A TEENAGE burglar stopped in his tracks by a have-a-go hero has been released on bail despite magistrates deciding the offence committed was so serious it should be sentenced at Crown Court because its powers are greater.
Plucky Alex Dombrick and his wife were asleep upstairs at their house in St Piran's Close, St Austell when the bungling burglar struck on Saturday night.
Drunken Ryan Stephens, 19, broke in via an unlocked patio door and was about to steal an £800 television when he was tackled by Mr Dombrick, Bodmin Magistrates' Court was told.
Mr Dombrick, alerted to the intruder by his barking dog, struggled with Stephens who dropped the 32in flatscreen television and then fled.

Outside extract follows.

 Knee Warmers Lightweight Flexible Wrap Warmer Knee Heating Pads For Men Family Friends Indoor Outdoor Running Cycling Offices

Stephens, formerly of St Petroc's in Truro, was arrested and held in police custody for two nights before his appearance in front of Bodmin magistrates on Monday.
The teenager pleaded guilty to the burglary.

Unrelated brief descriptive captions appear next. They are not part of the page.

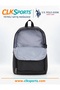 Faux Leather School Document Backpack, Double Compartment Pencil Bag - Water Bottle & Flask - 4
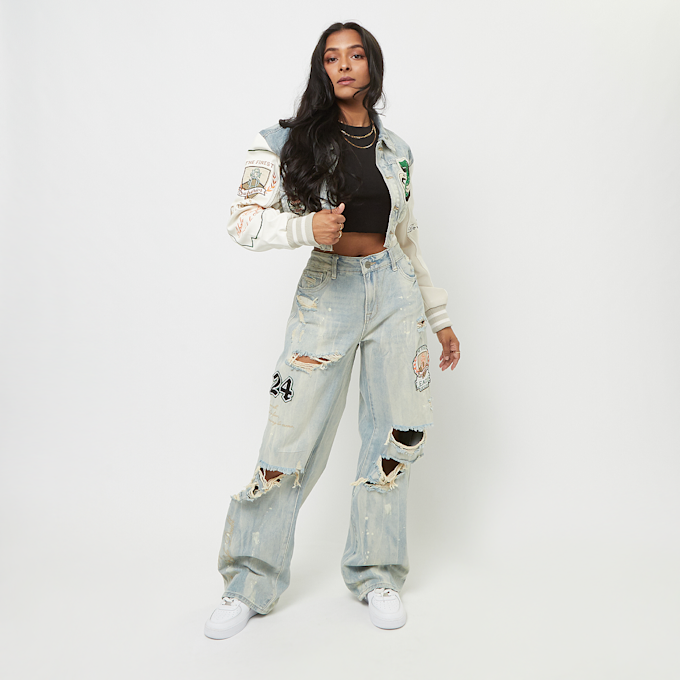 Smoke Rise Mid Rise Wide Leg plava 30707 7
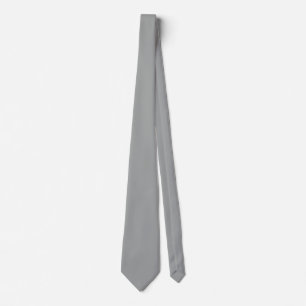 Heather Grey Solid Colour Customize It Tie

Mike Brown, counsel, agent for the prosecution, said Mr Dombrick had left the patio doors unlocked so that his daughter could get in easily after a night out. He was awoken by the dog barking at 10.45pm. He came downstairs and "jumped on Stephens". There was damage to the TV case when it was dropped but the television itself still worked.
The court heard that Stephens had committed the offence while on a community order and had previous convictions for dishonesty, including burglary, and theft of his mother's laptop.

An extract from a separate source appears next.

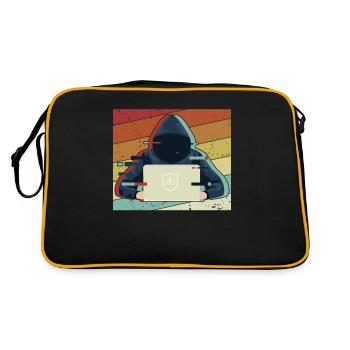 Retro Sniffer Social Engineering Phishing Grey - Retro Bag - black/gold - Back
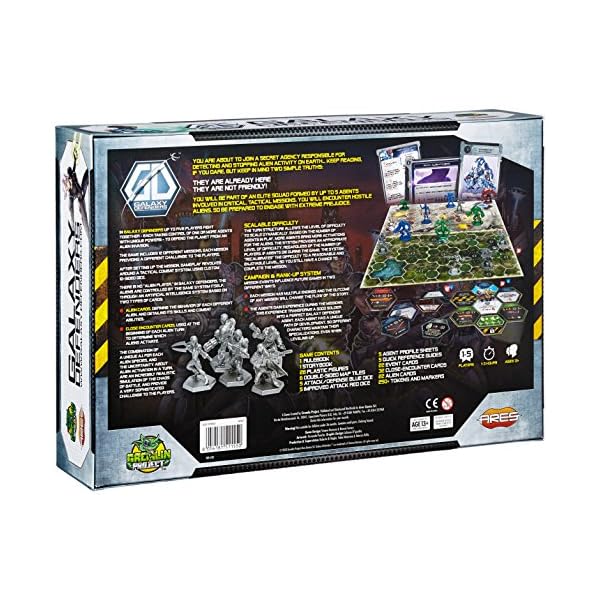 Ares Games GRPR001 - Galaxy Defenders Brettspiel - Englisch – Bild 3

Mr Brown told the court: "This (offence) was fuelled by alcohol and aggravated by previous convictions. The burglary of a dwelling is serious in itself – these people were asleep in the privacy of their home."
Paul Simons, for the defence, said Stephens was "under no illusions" that the court would treat the offence seriously and that he was likely to face custody.
It was to his credit that after initially fleeing the house "he had later returned to say sorry".
"At the time he was drunk – that was the sole reason (for the offence)," said Mr Simons. "He doesn't know what he would have done with the TV." He said that Stephens had a condition which affects his short-term memory and concentration.
He had complied with a curfew and alcohol treatment appointments imposed in August and had been due to start a bricklaying course at Truro College.
The magistrates told Stephens that the case would be committed for sentence at Truro Crown Court on October 18.
But a prosecution application that Stephens be remanded in custody on the grounds he might commit further offences was rejected. Stephens was bailed with conditions that he must reside at the home of a family friend in Hillside Park, Bodmin, observe a 7pm to 7am curfew every night and must not consume any alcohol.